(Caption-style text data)
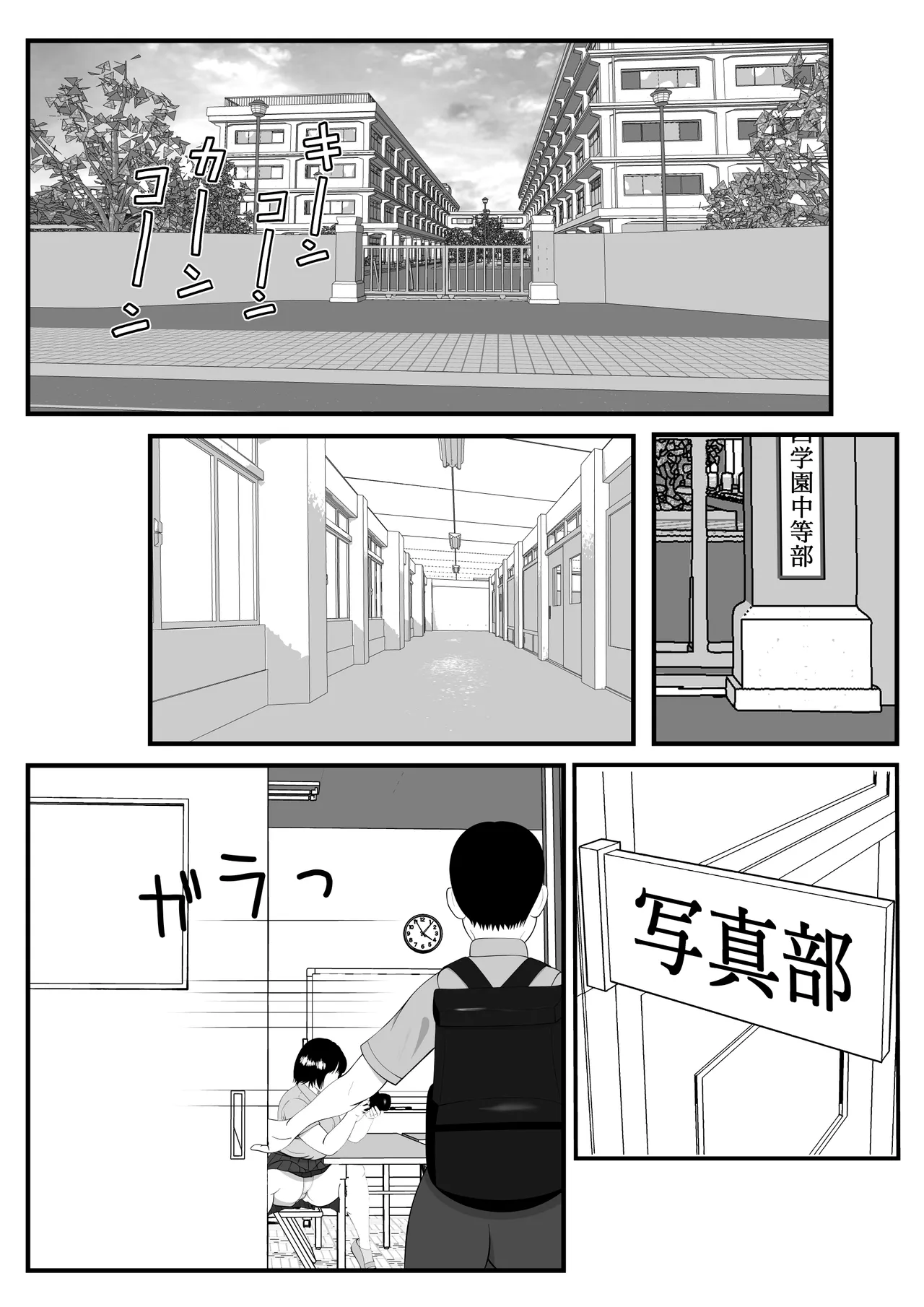 Finder o Nozoku Kanojo o Boku wa Totteita - Página 7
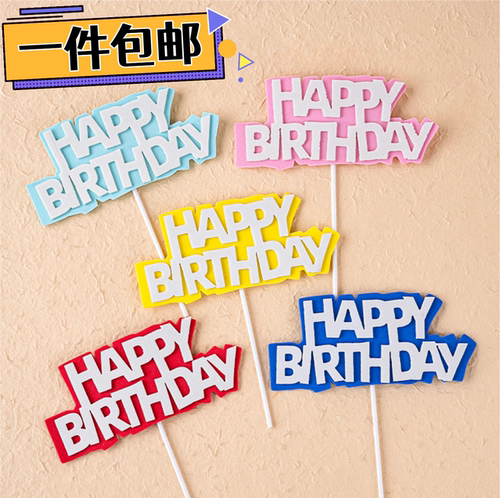 周岁生日蛋糕装饰插件仿翻糖立体海绵双层happybirthday插旗字牌
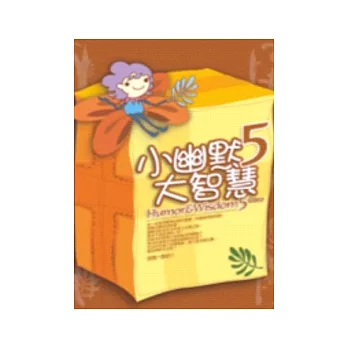 小幽默大智慧5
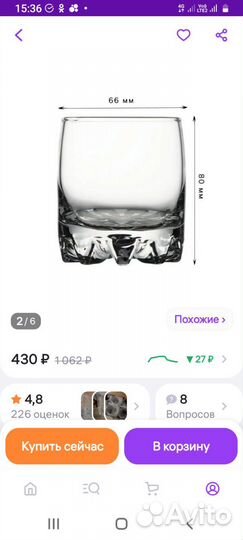 Набор стаканов 6 шт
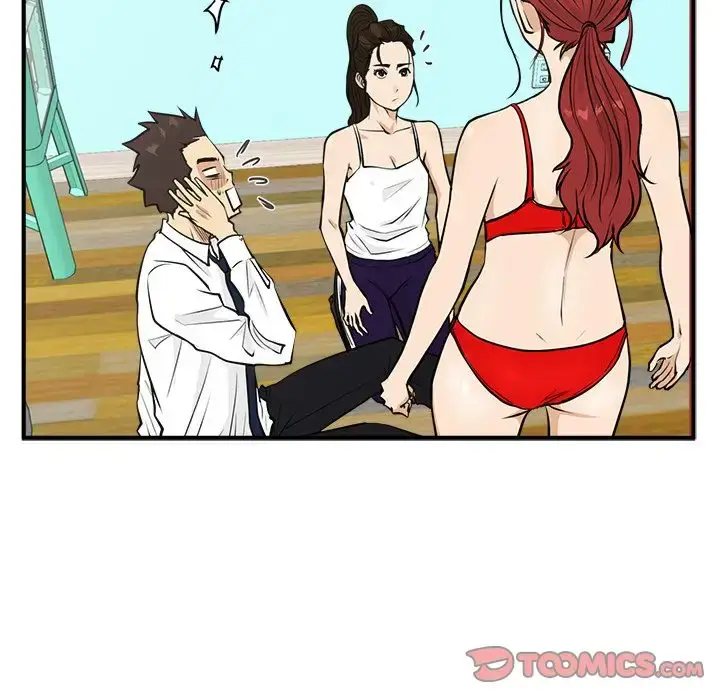 漫画《35岁姜武烈》第52章第90张图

• _The problem_:
Give back all of the data exactly, but not the pictures.

• _Solution below_:
 Finder o Nozoku Kanojo o Boku wa Totteita - Página 7
 周岁生日蛋糕装饰插件仿翻糖立体海绵双层happybirthday插旗字牌
 小幽默大智慧5
 Набор стаканов 6 шт
 漫画《35岁姜武烈》第52章第90张图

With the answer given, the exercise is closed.